Task description: Below are the records. Retype exactly the lines between the lines holding "Nk High Neck Sweater - Yellow" and "VALENTINO Мульти шелковый платок, фото 2", inclusive.

Records for the exercise:

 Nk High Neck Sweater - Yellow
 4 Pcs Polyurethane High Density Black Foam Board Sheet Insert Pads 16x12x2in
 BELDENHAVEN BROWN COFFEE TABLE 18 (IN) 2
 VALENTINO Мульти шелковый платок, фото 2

==

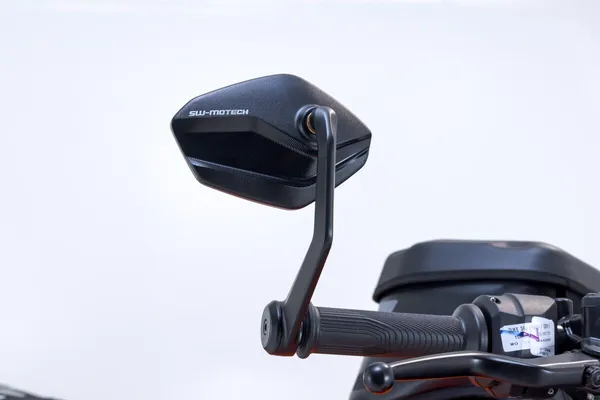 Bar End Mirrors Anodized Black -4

Answer box:
 Nk High Neck Sweater - Yellow
 4 Pcs Polyurethane High Density Black Foam Board Sheet Insert Pads 16x12x2in
 BELDENHAVEN BROWN COFFEE TABLE 18 (IN) 2
 VALENTINO Мульти шелковый платок, фото 2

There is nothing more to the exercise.